Maybe, sometimes, a pencil really isn't just a pencil: Another fun story: "Tall buildings, short architects" from Slate magazine last December.  From what we've seen in Charlotte, short bank CEOs also seem to have an affection for tall bank towers.  And those tall buildings that claim to be so green? Here's a look at evidence that after a certain point, those high-density towers are less environmentally sound than mid-rise buildings.

Monday, June 06, 2011

S.C. highway that was, then wasn't, and maybe is again

It was the highway that was, then wasn't, and now is again. The big story in Carolinas transportation planning in April was the Charleston (S.C.) County Council's rejection of a planned extension to Interstate 526.  It's notable whenever any elected officials – and especially those in reliably conservative South Carolina – say no to any highway.

But never count a highway out.  I-526 was revived with a new council vote last month that rescinded the vote to scrap it.  Its future remains unclear.  (Here's Post and Courier columnist Brian Hicks on a mysterious pro-highway campaign.) Monday night, Charleston Mayor Joe Riley Jr. spoke to Charlotte City Council about historic preservation (talk about a day late and a dollar short, or maybe three decades late ...)  at the invitation of Mayor Anthony Foxx. Riley was gracious enough to let me buttonhole him about 526.  He has been a 526 supporter, and I wanted to hear why a guy who seems to understand good urbanism would want another big ole ugly interstate boring through his city. How, I asked him, could the city prevent the typical highway sprawl if this road gets built?

Riley contends the highway is needed because of the growth in motorists trying to get to and from Folly Beach and Seabrook and Kiawah islands at the far end of Johns Island. That sends too much traffic into the neighborhoods west of the Ashley River, he said. The highway will divert that beachbound traffic.

And to control the sprawl? Riley said the city and county had adopted a plan about 10 years ago to create an urban growth boundary. They downzoned a lot of land on Johns Island – even winning a landowner's federal lawsuit over the downzoning – and, at least inside the city limits, there aren't any more large commercially zoned tracts available. But, I persisted, land can be rezoned. It's not that hard. "A lot of blood was spilled," he said, over those downzonings. "The community's invested in this."

Additionally, plans are that the 526 extension won't be a typical interstate, but an at-grade, four-lane road with a tree-lined median and bike paths. It will have only two intersections, no cloverleafs, and, he said, "zero" development.
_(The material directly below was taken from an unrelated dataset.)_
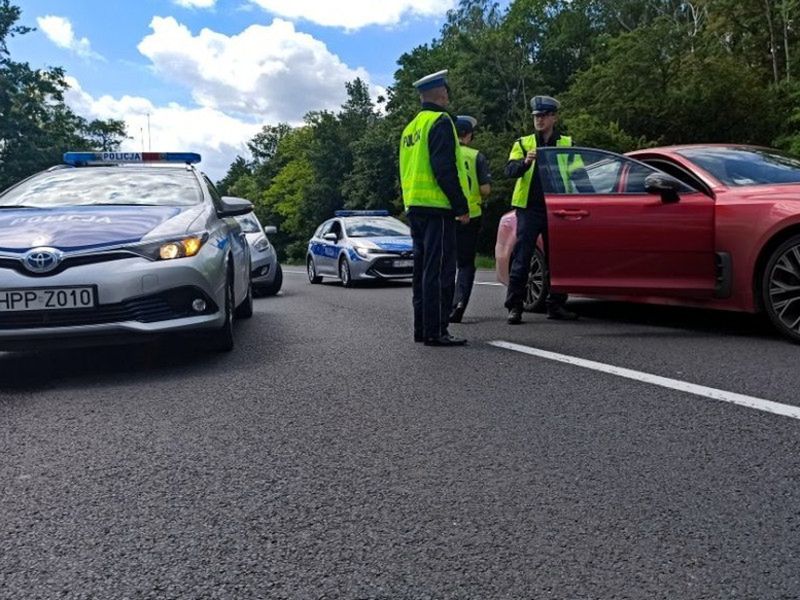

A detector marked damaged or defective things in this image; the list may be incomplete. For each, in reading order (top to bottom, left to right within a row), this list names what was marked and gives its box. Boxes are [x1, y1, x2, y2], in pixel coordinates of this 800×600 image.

cracked asphalt surface [1, 272, 800, 600]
Although I'm of the belief that keeping sprawl development off a new highway is about as easy as turning lead into gold, I admit part of me thinks it would be interesting to see if this road can offer a model for a tamer way to build urban highways. It's what I (and many others) have said for years: Don't build highways inside cities. Build boulevards designed to move a lot of traffic but that add beauty, not ugliness. Cities need transportation connections, and that includes street networks. They don't need interstate highways gutting them.